Aussi, au vu du montant dont il doit s’acquitter auprès de la SA Société générale, M. [N] [O] ne justifie nullement du fait qu’il serait en capacité d’honorer sa dette au moyen d’un délai de paiement de deux ans, alors que la mise en demeure de payer les sommes date du 28 mars 2022 et qu’aucun paiement partiel n’est intervenu.
En conséquence, la demande de délais de paiement formée par M. [N] [O] sera rejetée.
§4 Sur les mesures accessoires
Il convient de confirmer la décision déférée en ce qu’elle a ordonné la capitalisation des intérêts par année entière, condamné M. [N] [O] aux dépens de première instance et rejeté la demande au titre de l’article 700 du code de procédure civile.
Chacune des parties succombant pour partie dans ses demandes, les dépens d’appel seront partagés par moitié entre la SA Société générale et M. [N] [O].

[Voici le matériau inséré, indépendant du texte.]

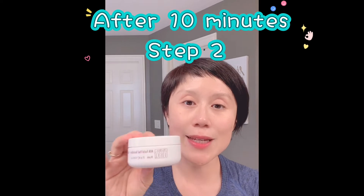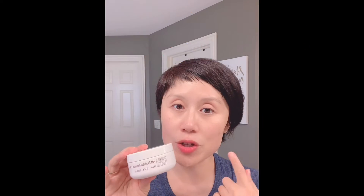10 minutes later, you can use the neutralizer pads to neutralize your skin. Simply take out this small tiny piece and the same way, apply on your skin gently in an upward motion, avoiding the eye area and neck as well.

En équité, il n’y a pas lieu d’allouer une somme au titre de l’article 700 du code de procédure civile.
PAR CES MOTIFS :
La Cour, statuant publiquement, contradictoirement, par mise à disposition de l’arrêt au greffe de la Cour, les parties en ayant été préalablement avisées dans les conditions prévues au deuxième alinéa de l’article 450 du code de procédure civile, après en avoir délibéré conformément à la loi,
INFIRME le jugement en ce qu’il a débouté la SA Société générale de sa demande de paiement en principal de la somme de 29.821,30 euros au titre de l’engagement de M. [N] [O] en sa qualité de caution relatif à un avenant à une convention de compte courant consenti à la société RC Charpente en date du 28 septembre 2017,
CONFIRME le jugement en ses autres dispositions soumises à la cour.
Statuant à nouveau et y ajoutant,
CONDAMNE M. [N] [O] à payer à la SA Société générale la somme de 19.500 euros, outre intérêts au taux légal à compter du 28 mars 2022, au titre de l’engagement de caution relatif à un avenant à une convention de compte courant consenti à la société RC Charpente le 27 août 2015,
REJETTE la demande de délais de paiement formée par M. [N] [O],
DIT que les dépens d’appel seront partagés par moitié entre la SA Société générale et M. [N] [O],
DIT n’y avoir lieu à application des dispositions de l’article 700 du code de procédure civile,
SIGNÉ par Mme Marie-Pierre FIGUET, Présidente et par Mme Anne BUREL, Greffière présente lors de la mise à disposition à laquelle la minute de la décision a été remise par le magistrat signataire.